В ближайшей избе вижу других немцев, некоторые вытянули ноги из одного угла в другой. Кто был ближе к двери, рукой загородил мне вход. Вмешался капитан, кричал, что он… офицер, что должен войти. Сейчас понимаю, почему выстроились в ряд эти немцы с внезапными недомоганиями; это они все организовали, эти свиньи. Бросился наружу из избы, итальянские солдаты для них как мешки, хоть раненые, хоть обмороженные, они только все усмехались. Свиньи, свиньи, трусливые псы, эти образцы цивилизации!
Вернулся к моим раненым. Нечего делать. Хочу есть, пить, замерз. Около 23 часов в другой избе полной обмороженных нашел Мелаззини. Я прилег. Плохо себя чувствую в данный момент.
28 января 1943
/…/
Длинный подъем; впереди на дороге – никого. Артиллерию оставили одну из последних: множество 75-мм орудий (75/13), утопленных в снегу, с мертвыми мулами. Другие мулы неподвижные, их взгляд остановившийся, они качались, некоторые держались с усилием, некоторые падали.

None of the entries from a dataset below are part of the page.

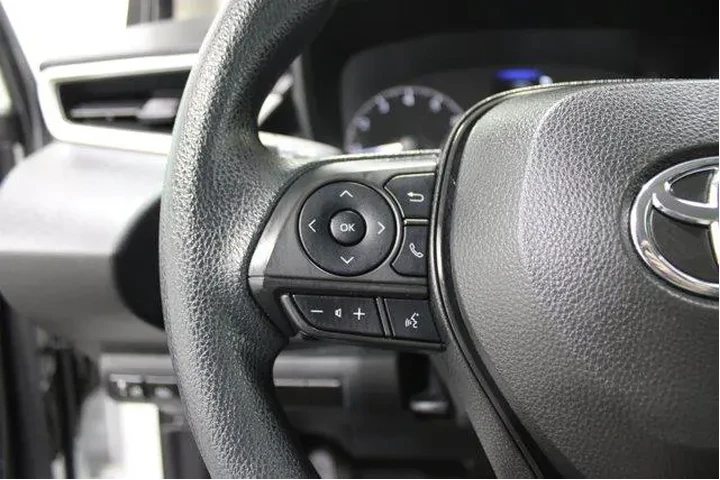 $21982 : Toyota Corolla 2023 LE 4dr S image 10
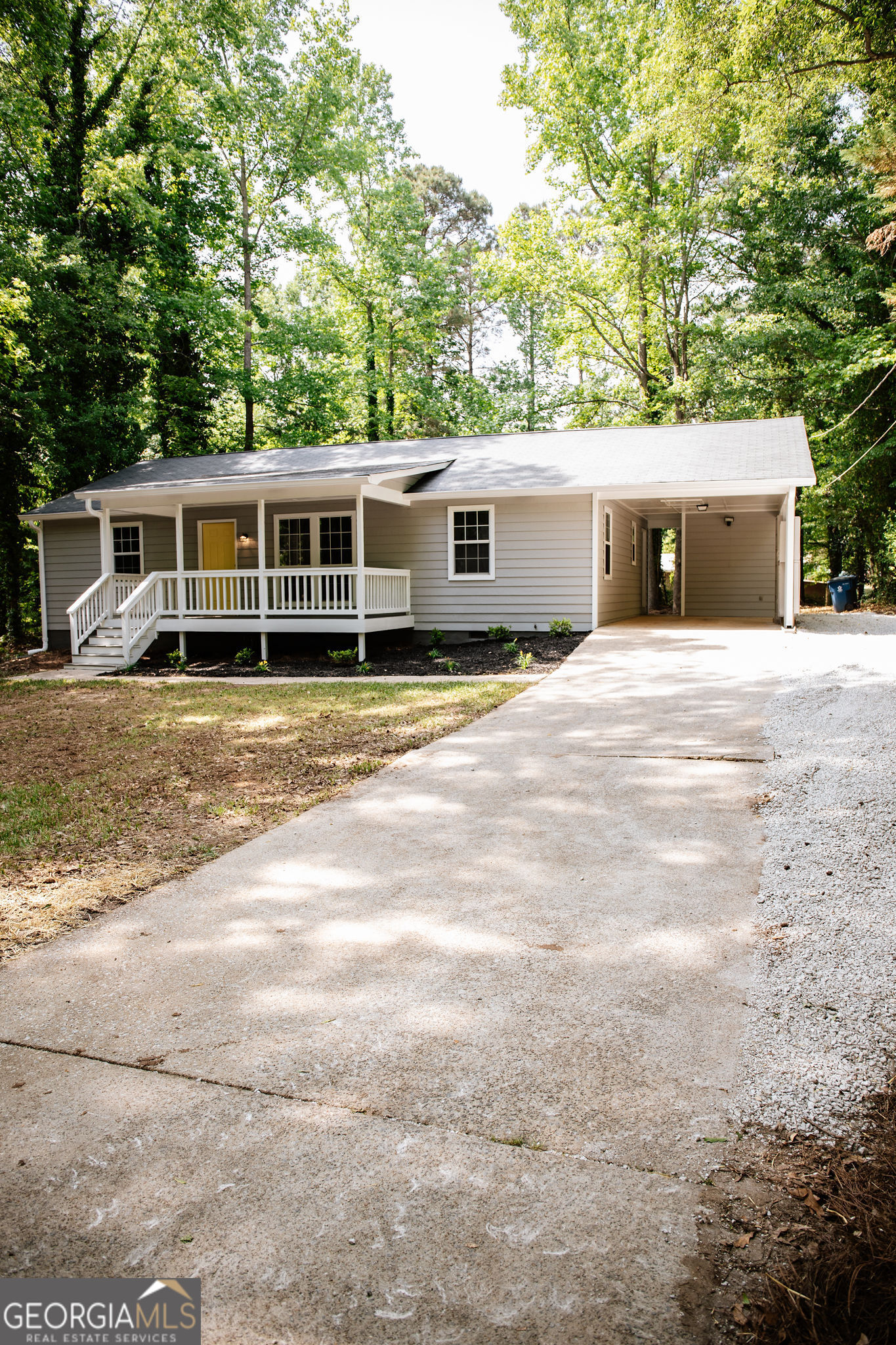 145 Susan Circle Property Photo 3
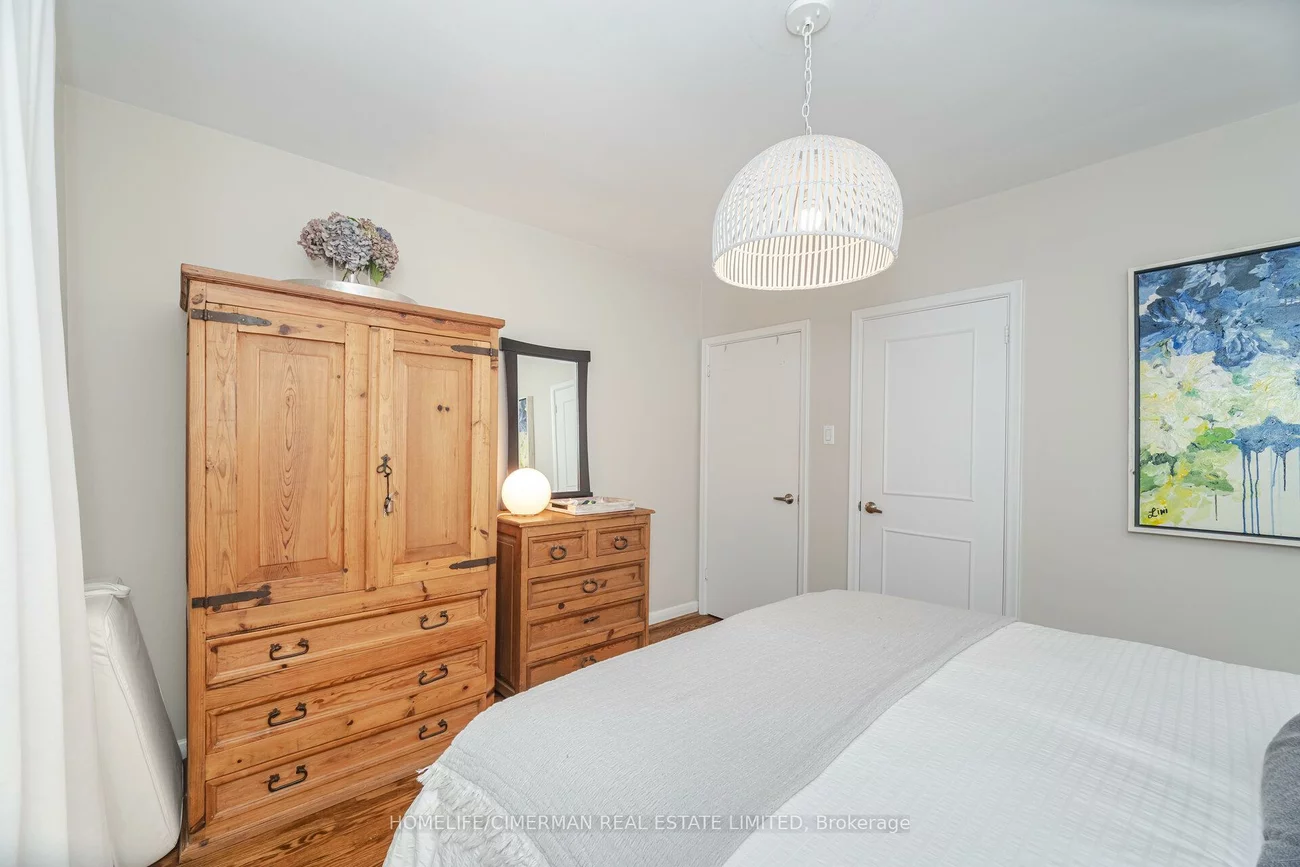 66, Mooreshead, Etobicoke West Mall, Toronto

Всегда на подъеме брали вправо. Потом спускались. Спуск очень крутой. Необходимо было спасти сани с ранеными от опрокидывания.
/…/
Возобновили движение. Дорога хорошая, почти как нормальная дорога. В ста метрах слева небольшие группы изб, видим два танка с пятью или шестью немцами. Эта линия обороны, мы были уверены, что вышли из мешка! Я съел слишком много меда, плохо себя чувствую, холодный пот и двоится в глазах. Забрался в сани. На краю одной деревни сортировка частей. Два офицера из дивизии «Тридентина» указали на избы, закрепленные за каждой частью.